I only wish he knew how to structure a damn movie though. He always has pretty great ideas, and in most cases writes compelling characters, but he insists on structuring every single one of his films, no matter what its about, like a bad 90's thriller. With predictable non-linear Flashbacks and scenes of exposition, it seems like something he is truly incapable of mastering. I think The Skin I Live In was actually a lesser offender in this regard then say, Broken Embraces, thanks to a twist that sort of justifies it, but there's way too much awkward and ill-fitting scenes in which you can just feel Almodovar pulling the strings too obviously. Similarly, I think Antonio Banderas' plot-driving psycho was all over the shop, with about ten different motivations, none of which was all that convincing or thoroughly explored. The inconsistency of it is sort of washed over by how good Banderas is, giving certainly one of the best performances of his career. But the movie ultimately won me over when it became Elena Anaya's story as opposed to Banderas'.
I've seen Anaya before, but like so many non-English speaking actors, she is a different actress when she is relieved of the burden of speaking in a foreign dialect and this was some Oscar worthy shit she does here. It's a very difficult role, but she carries it with an extra-ordinary amount of dignity and charisma. Come awards time I expect it will be Banderas who gets all the attention but I think the film finds its feet and its focus thanks to Anaya. The film is also admirable in the way it actually explores the psychological consequences of torture, as opposed to that merely being the point. It's why the best horror movies are always made by non-horror directors, because they are interested in the why so much more.
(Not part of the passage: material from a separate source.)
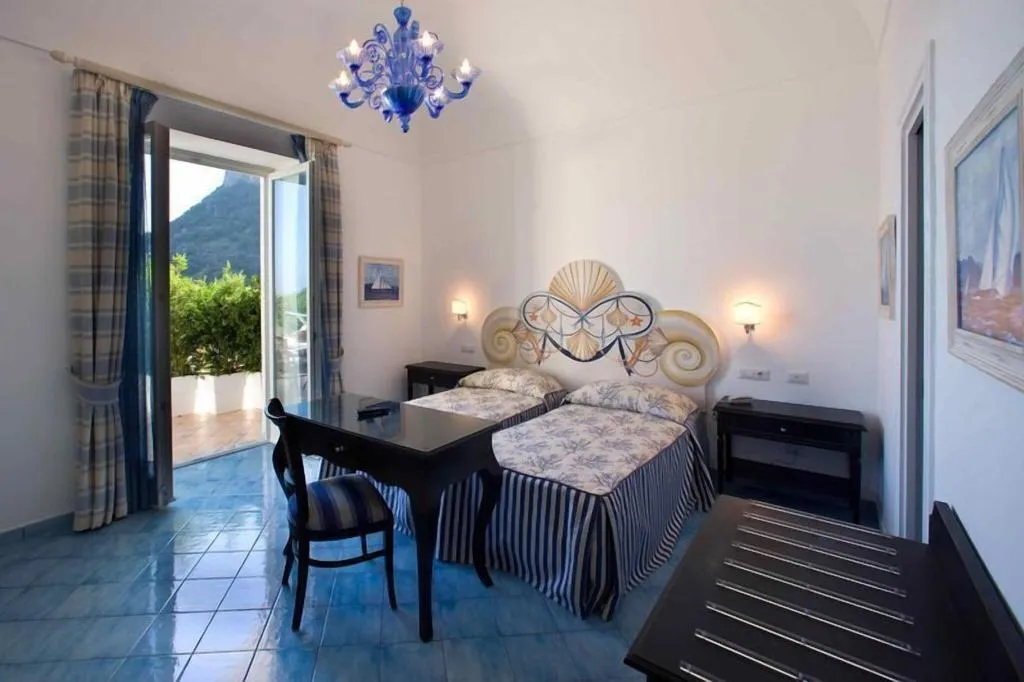 TRIPLE OCEAN VIEW WITH BALCONY Room, Palazzo Marzoli Resort, Naples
It's not simply about sending people on a ride, it's about forcing them to think about why they are afraid. And when this happens the movie becomes so much more valuable.
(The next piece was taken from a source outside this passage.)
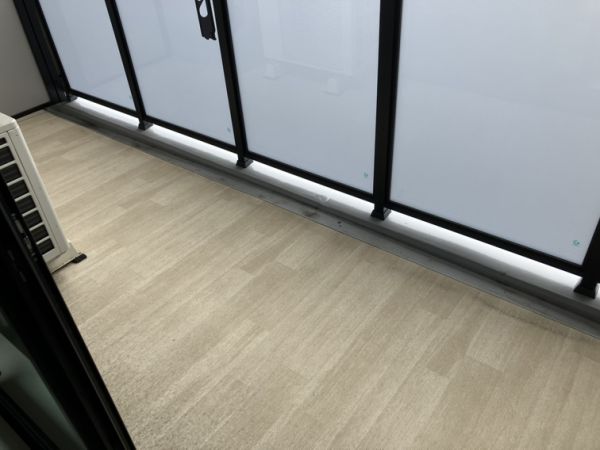 WORVE吹田江坂8階1LDK ベランダの画像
Like I say I don't think The Skin I Live In is flawless. Structurally its a mess, particularly in the first half, and I think the Banderas character is written badly and too broadly to be truly compelling beyond a mere boogeyman. But Almodovar exploring that dark sexual psychology he always does finds a perfect home in this film, and it's always fascinating to see a man of has talents try and do something a little different.